-- PROMPT --
For the material below, the expected output is exactly the lines between the line holding "A baked ham on a platter with lemons." and the line holding "Aerial view of", inclusive, with pictures left out.

-- SUPPLIED DATA --

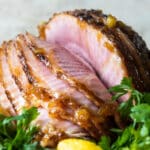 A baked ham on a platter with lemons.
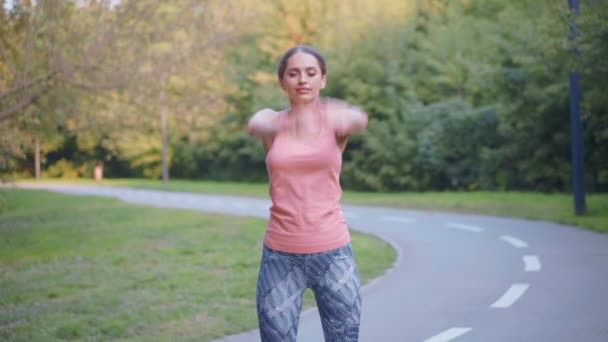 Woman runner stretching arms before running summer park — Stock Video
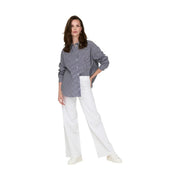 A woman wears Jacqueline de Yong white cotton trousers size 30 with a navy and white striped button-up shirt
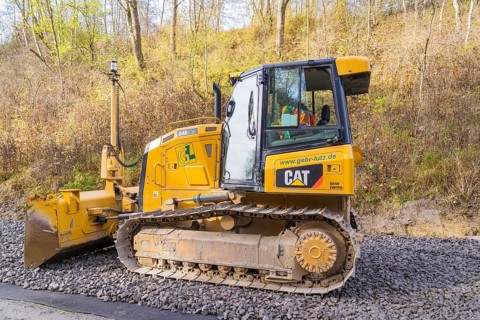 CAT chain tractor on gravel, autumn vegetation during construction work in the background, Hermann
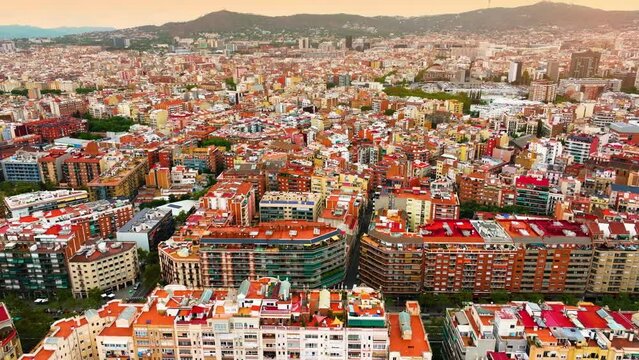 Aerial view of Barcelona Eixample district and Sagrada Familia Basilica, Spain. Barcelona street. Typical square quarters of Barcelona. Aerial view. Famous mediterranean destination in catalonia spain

--

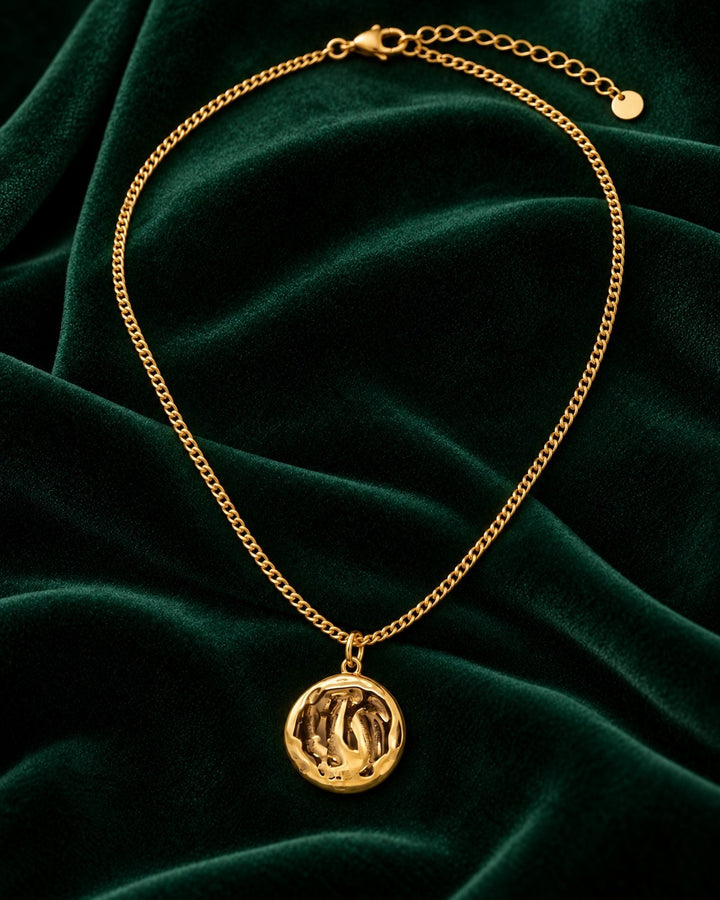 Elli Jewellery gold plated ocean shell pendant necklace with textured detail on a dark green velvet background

...

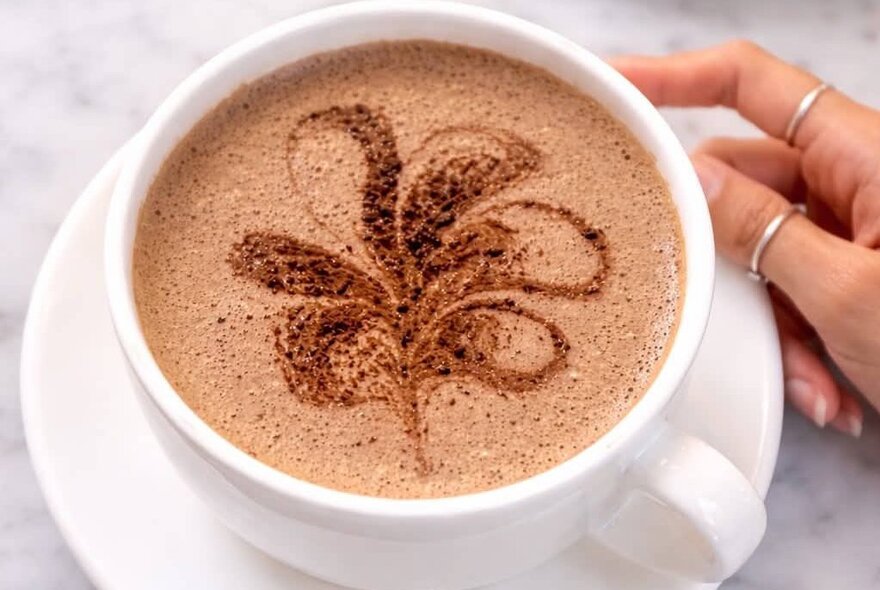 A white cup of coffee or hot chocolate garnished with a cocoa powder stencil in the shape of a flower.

-- OUTPUT BELOW --
 A baked ham on a platter with lemons.
 Woman runner stretching arms before running summer park — Stock Video
 A woman wears Jacqueline de Yong white cotton trousers size 30 with a navy and white striped button-up shirt
 CAT chain tractor on gravel, autumn vegetation during construction work in the background, Hermann
 Aerial view of Barcelona Eixample district and Sagrada Familia Basilica, Spain. Barcelona street. Typical square quarters of Barcelona. Aerial view. Famous mediterranean destination in catalonia spain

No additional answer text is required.